20 Jan 2014

Restoring backed up cookies on Mac OS X 10.9 Mavericks

You can restore a backup of your Cookies file on 10.9 by quitting Safari and then running these commands in the Terminal:

$ killall cookied
$ mv ~/path/to/backed/up/Cookies.binarycookies ~/Library/Cookies/
$ open -a Safari

For reasons that aren’t clear to me, every once in a while OS X will clear my entire cookies file, logging me out of every website in Safari and every other Mac app that uses a system WebKit browser window. It’s pretty annoying, but in the past I’ve always been able to fix it by restoring the Cookies file from my Time Machine backup. (You have a Time Machine backup, right? If not, please go buy one.)

That seems to have changed with OS X 10.9, with the cookied process that runs and seems to act as a central control point for Safari and other applications to access your cookies. It stays running even when Safari is closed, so restoring a backup of your cookies after quitting Safari doesn’t help. cookied still has your old cookies in memory, and the next time you open Safari, it erases your carefully restored backup and overwrites it with your newly empty cookies file.

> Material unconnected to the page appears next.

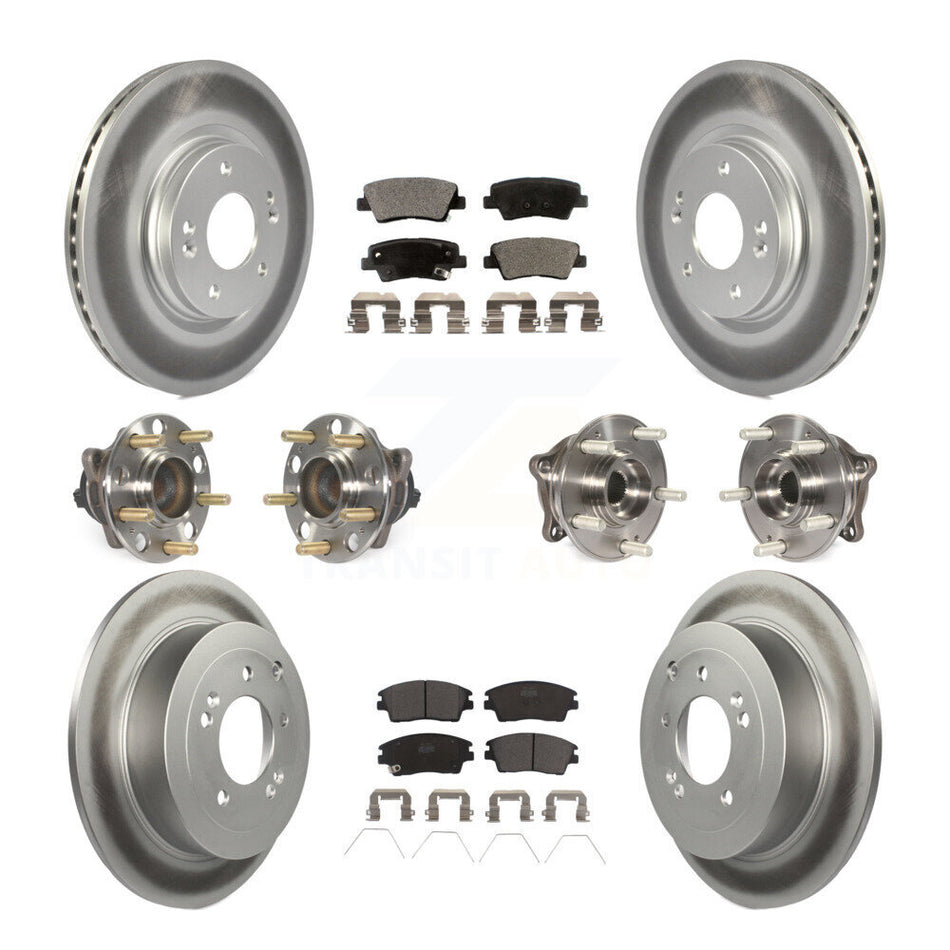 Front Rear Hub Bearings Assembly Coated Disc Brake Rotors And Ceramic Pads Kit (10Pc) For Hyundai Tucson Kia Sportage KBB-112830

As a result, the only way to restore a backup of your cookies is to quit Safari (so that cookied won’t automatically get run again), then run killall cookied in the Terminal, then copy your backup into ~/Library/Cookies, and finally re-open Safari. I searched the internet for instructions on how to do that for about 20 minutes before giving up and figuring it out myself. Hopefully this post will mean that future me and other people like him will just see the answer right away when they search.